▶ **Short text fragments from websites**:
- - - - -

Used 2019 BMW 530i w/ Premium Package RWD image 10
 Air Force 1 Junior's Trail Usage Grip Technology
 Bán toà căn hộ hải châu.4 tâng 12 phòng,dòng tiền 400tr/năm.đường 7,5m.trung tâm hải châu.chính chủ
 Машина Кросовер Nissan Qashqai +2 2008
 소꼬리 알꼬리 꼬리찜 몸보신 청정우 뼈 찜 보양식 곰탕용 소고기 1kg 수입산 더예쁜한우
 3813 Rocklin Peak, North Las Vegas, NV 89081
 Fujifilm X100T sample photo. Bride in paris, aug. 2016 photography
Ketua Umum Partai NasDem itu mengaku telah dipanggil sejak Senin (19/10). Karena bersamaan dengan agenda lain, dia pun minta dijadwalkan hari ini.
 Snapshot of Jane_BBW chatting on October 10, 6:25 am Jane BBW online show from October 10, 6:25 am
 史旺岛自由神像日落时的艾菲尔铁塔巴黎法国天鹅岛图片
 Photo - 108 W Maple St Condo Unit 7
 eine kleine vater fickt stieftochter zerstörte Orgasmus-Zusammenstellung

- - - - -

▶ **TASK BRIEF**:
Could you output the lines above, exactly as written, from the one containing "Snapshot of Jane_BBW" through the last, with both ends included and no others?

▶ **YOUR RESPONSE**:
 Snapshot of Jane_BBW chatting on October 10, 6:25 am Jane BBW online show from October 10, 6:25 am
 史旺岛自由神像日落时的艾菲尔铁塔巴黎法国天鹅岛图片
 Photo - 108 W Maple St Condo Unit 7
 eine kleine vater fickt stieftochter zerstörte Orgasmus-Zusammenstellung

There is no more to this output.